▶ _Brief descriptive captions_
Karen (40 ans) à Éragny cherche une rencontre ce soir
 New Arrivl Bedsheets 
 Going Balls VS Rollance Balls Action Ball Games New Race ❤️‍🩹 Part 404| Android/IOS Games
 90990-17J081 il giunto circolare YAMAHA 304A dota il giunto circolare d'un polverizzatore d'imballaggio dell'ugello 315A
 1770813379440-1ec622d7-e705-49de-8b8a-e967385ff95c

▶ _YOUR TASK_
Reproduce exactly the lines from the one with "Going Balls VS" through the last line of the entries, keeping both of those lines and nothing else.

▶ _THE COMPLETED TASK_
 Going Balls VS Rollance Balls Action Ball Games New Race ❤️‍🩹 Part 404| Android/IOS Games
 90990-17J081 il giunto circolare YAMAHA 304A dota il giunto circolare d'un polverizzatore d'imballaggio dell'ugello 315A
 1770813379440-1ec622d7-e705-49de-8b8a-e967385ff95c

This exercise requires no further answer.